▶ [REQUIRED ACTION]: Leave the pictures out and reproduce all the entries word for word.

[Entries taken from a collection]
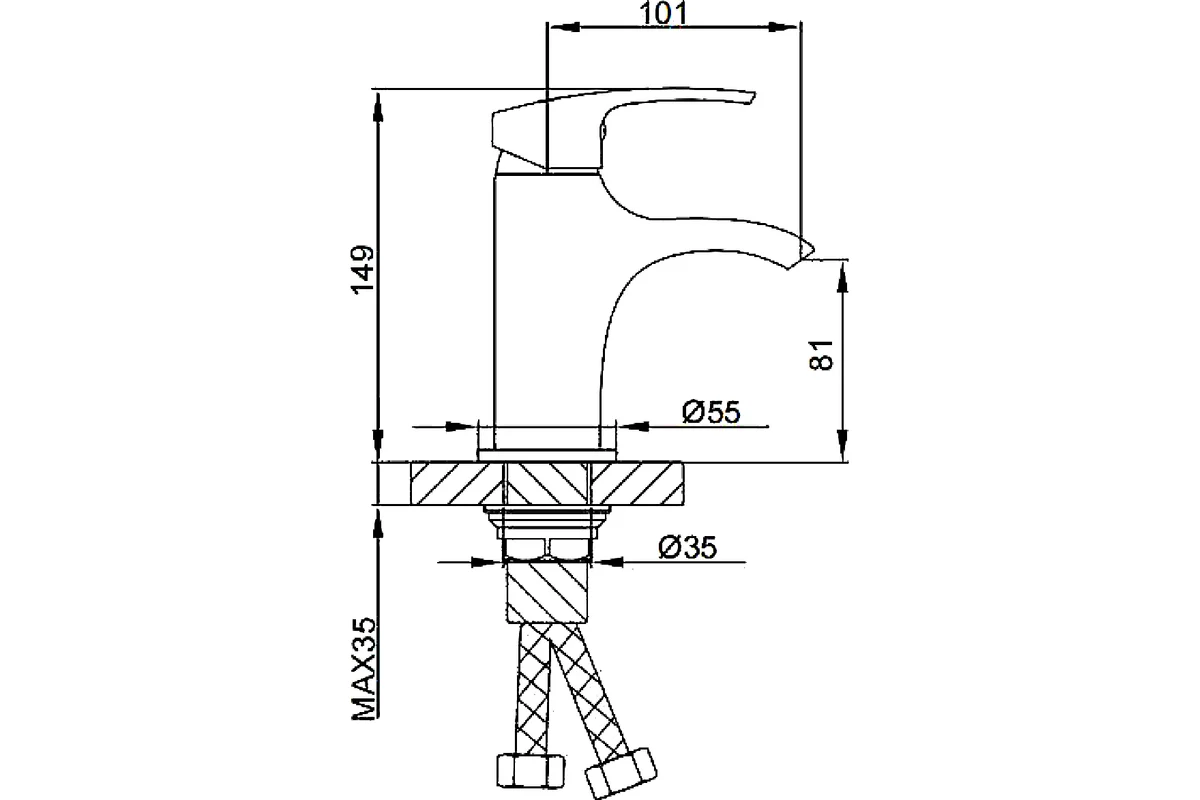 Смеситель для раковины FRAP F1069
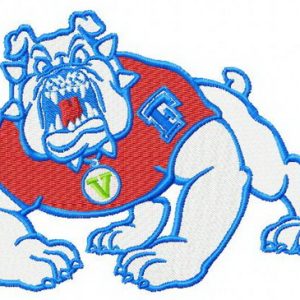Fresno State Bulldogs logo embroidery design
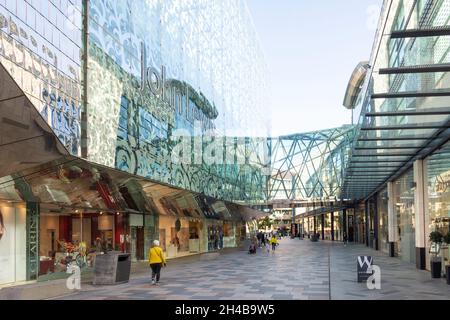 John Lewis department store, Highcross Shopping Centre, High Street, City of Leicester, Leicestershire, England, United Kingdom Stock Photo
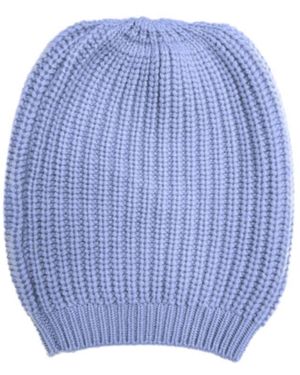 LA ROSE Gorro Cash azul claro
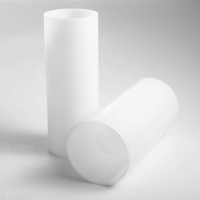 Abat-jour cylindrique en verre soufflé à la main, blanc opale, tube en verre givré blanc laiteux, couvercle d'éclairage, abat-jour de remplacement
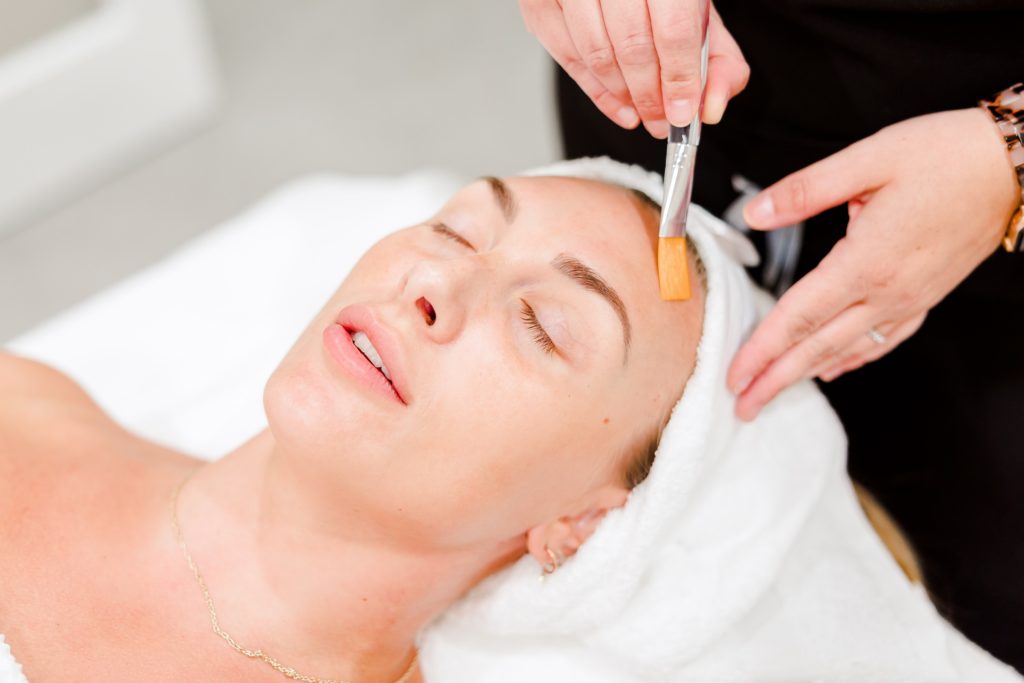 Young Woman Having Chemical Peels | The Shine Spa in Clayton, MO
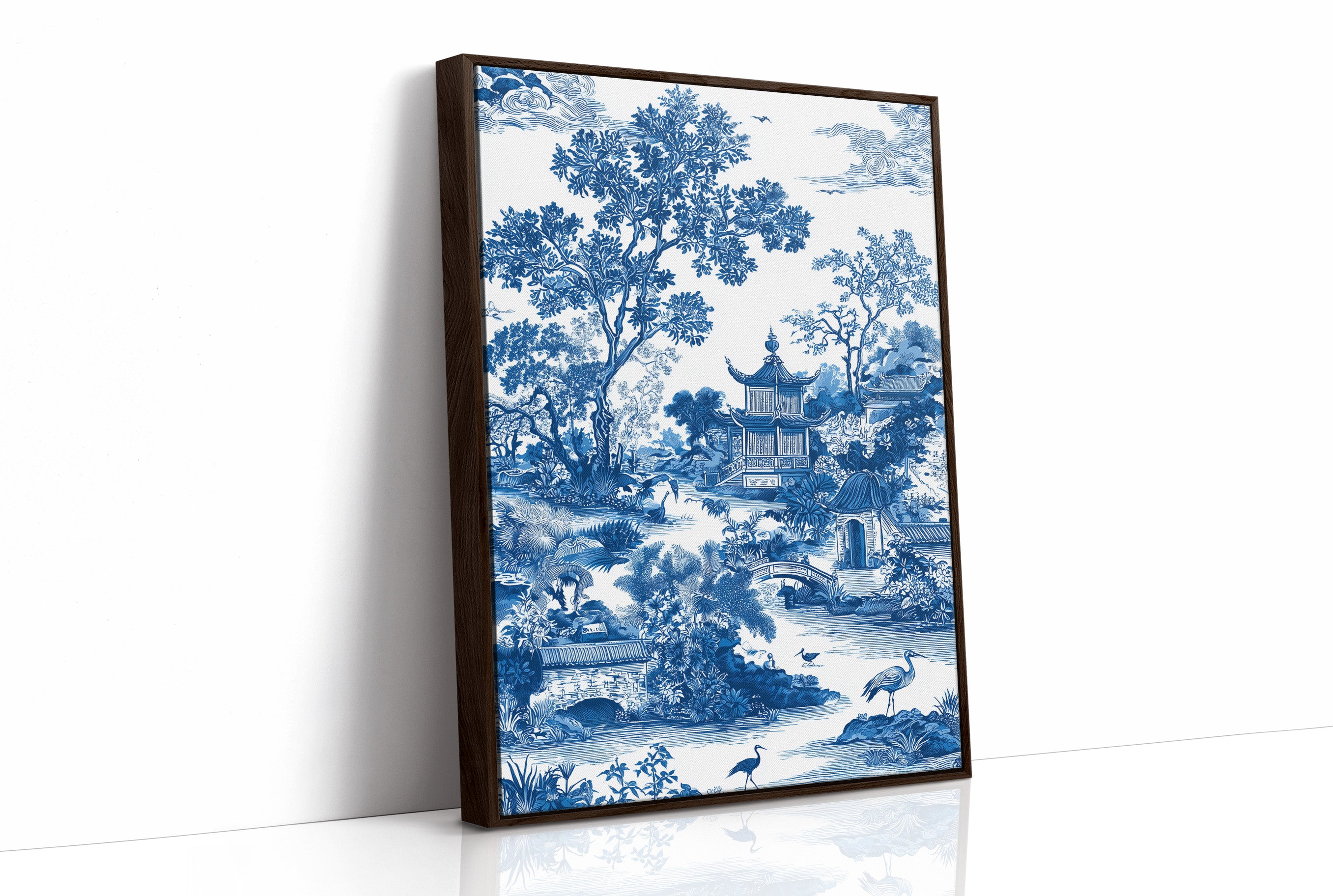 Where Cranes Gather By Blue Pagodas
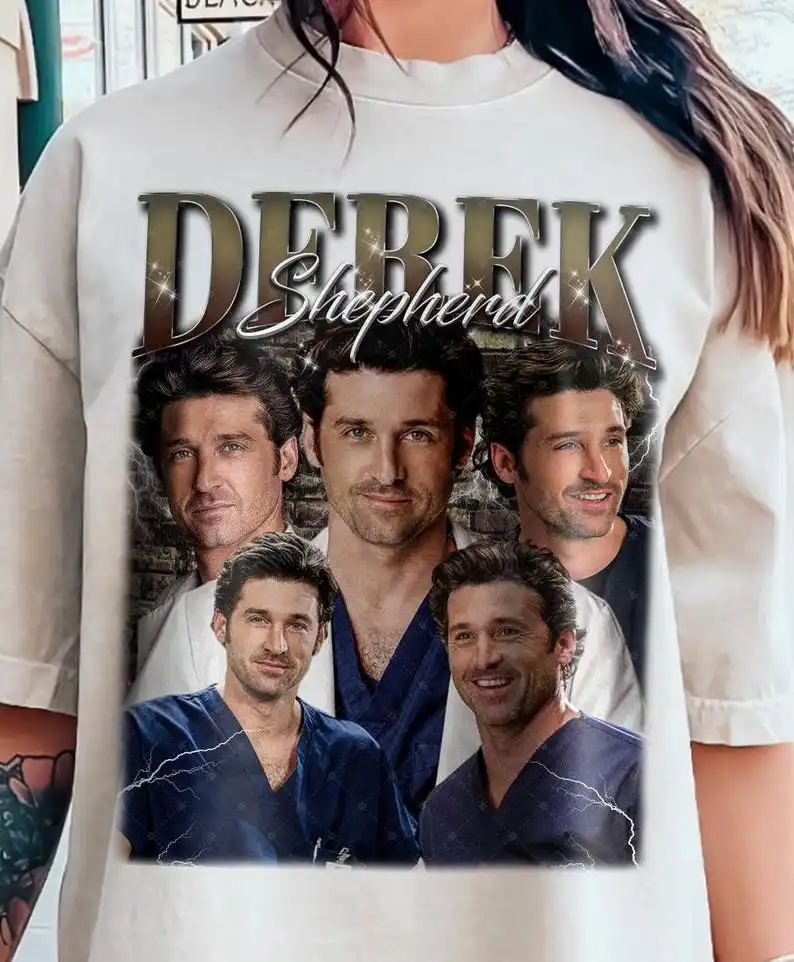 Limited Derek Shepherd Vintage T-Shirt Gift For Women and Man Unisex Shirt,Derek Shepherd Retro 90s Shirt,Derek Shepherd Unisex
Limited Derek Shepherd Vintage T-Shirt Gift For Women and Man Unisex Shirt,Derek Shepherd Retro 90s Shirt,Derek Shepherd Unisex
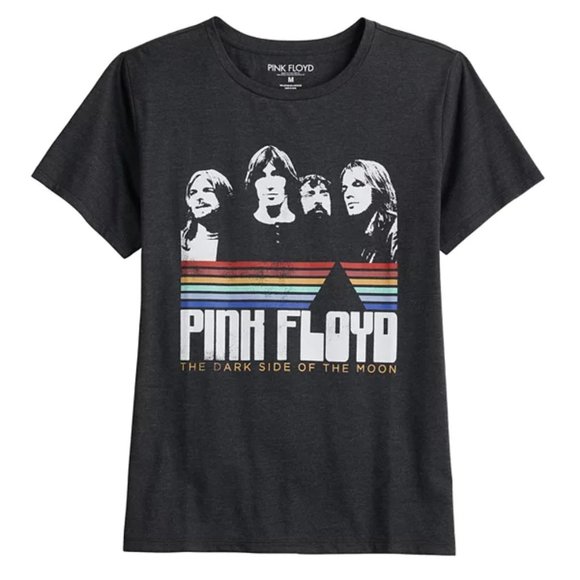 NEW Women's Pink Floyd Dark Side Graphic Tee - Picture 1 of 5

▶ [ANSWER TO THE EXERCISE]:
 Смеситель для раковины FRAP F1069
Fresno State Bulldogs logo embroidery design
 John Lewis department store, Highcross Shopping Centre, High Street, City of Leicester, Leicestershire, England, United Kingdom Stock Photo
 LA ROSE Gorro Cash azul claro
 Abat-jour cylindrique en verre soufflé à la main, blanc opale, tube en verre givré blanc laiteux, couvercle d'éclairage, abat-jour de remplacement
 Young Woman Having Chemical Peels | The Shine Spa in Clayton, MO
 Where Cranes Gather By Blue Pagodas
 Limited Derek Shepherd Vintage T-Shirt Gift For Women and Man Unisex Shirt,Derek Shepherd Retro 90s Shirt,Derek Shepherd Unisex
Limited Derek Shepherd Vintage T-Shirt Gift For Women and Man Unisex Shirt,Derek Shepherd Retro 90s Shirt,Derek Shepherd Unisex
 NEW Women's Pink Floyd Dark Side Graphic Tee - Picture 1 of 5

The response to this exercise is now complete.